Ex-Australian official warns of attacks

A former intelligence officer has warned of terror attacks in Australia, saying that up to 60 Islamic militants are operating in terror cells in the country and an attack is inevitable.

    Up to 60 militants are reported operating in Australia

    "The threat is real. It's a matter of when will this happen," veteran Australian Security Intelligence Organisation operative Michael Roach told national ABC television on Wednesday, sparking controversy by saying racial profiling was inevitable at such a time.
    Race should be taken into account by counter-terrorism police targeting suspects, he said.
    "Unfortunately, Middle Eastern people are going to be approached more often than not - and that's just the way it goes at the moment," he said.
    Roach, who retired recently after a 30-year career in intelligence, said Muslim militants in Sydney and Melbourne "have military training, they have precision with regard to their planning, their techniques and their methodologies".
    "They are divided into groups within the cell structures, for example, having the coordinator of the group down to those people who actually will deliver the bomb."

    Federal police chief Mick Keelty confirmed the figure of around 60 extremist suspects, some having trained in Pakistan and Afghanistan, but said he was concerned that the entire Islamic community would be labelled suspect.
    "One of the things I fear is that we are marginalising the Islamic community by broad-brush stereotyping," he said.
    "We are focused on the people who we are aware have trained overseas. We are not focused on the Islamic community per se." 

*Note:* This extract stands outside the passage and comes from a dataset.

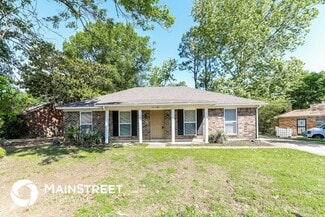 6076 Elk Grove Rd, Memphis, TN 38115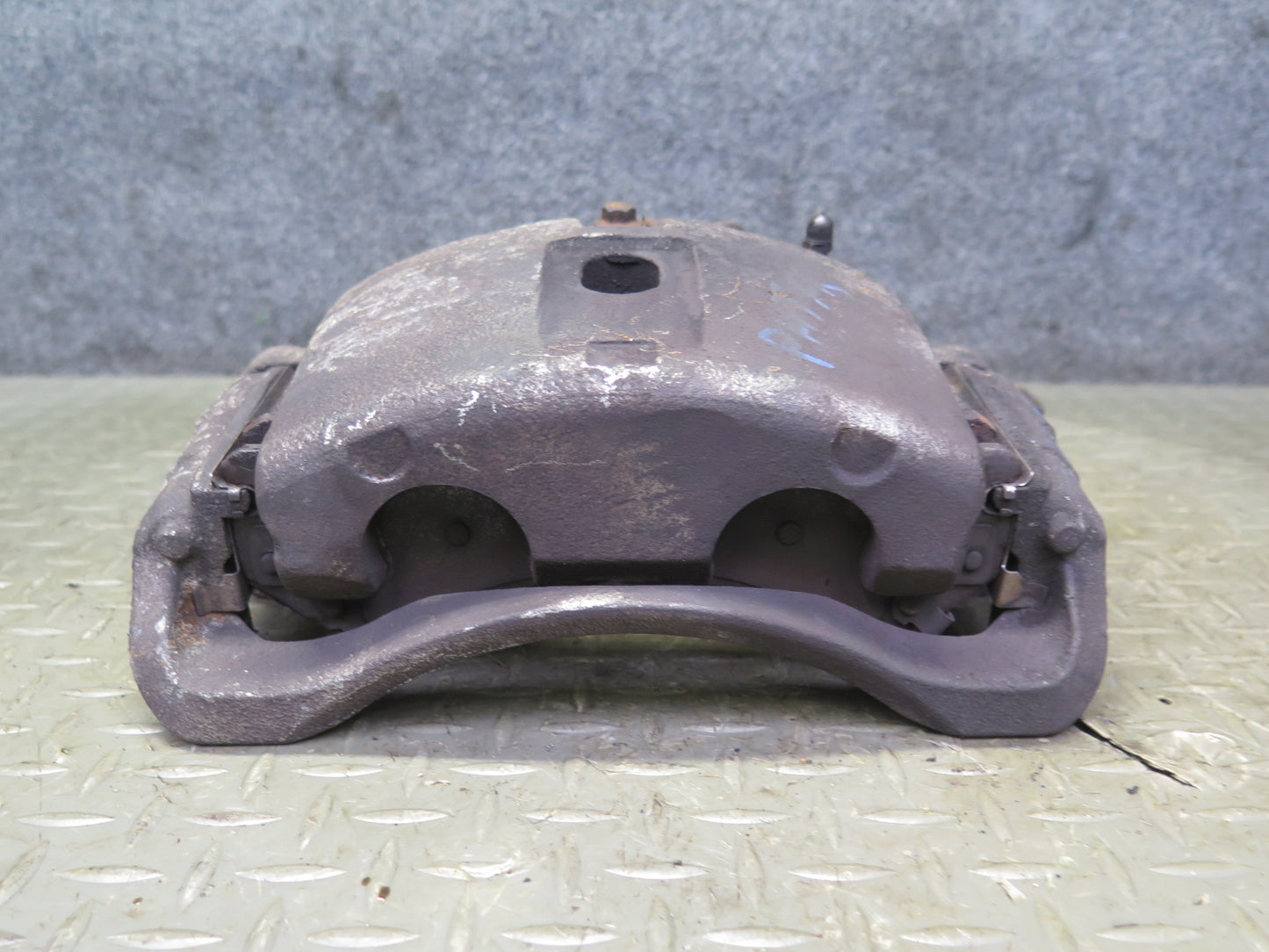 2003-2009 Hummer H2 AWD Front Left & Right Side Brake Caliper Set of 2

    Attorney-General Philip Ruddock rejected the idea of racial profiling, saying police "target activity which they believe would characterise somebody as an extremist who might pose a risk for the broader Australian community".
    Waleed Aly, from the Islamic Council of Victoria state, warned that using negative stereotypes would only alienate the Muslim community.
    "There's no question that this sort of suggestion will create very, very strong feelings of suspicion and fear within sections of the community that are going to be now explicitly targeted if this is followed through," he said.
    Prime Minister John Howard told reporters it was well-known that "there are some people in this country who trained overseas with terrorist organisations" before it was made a criminal offence.
    "But I want to assure the Australian public that the agencies involved are doing the right thing in keeping an eye on the people concerned."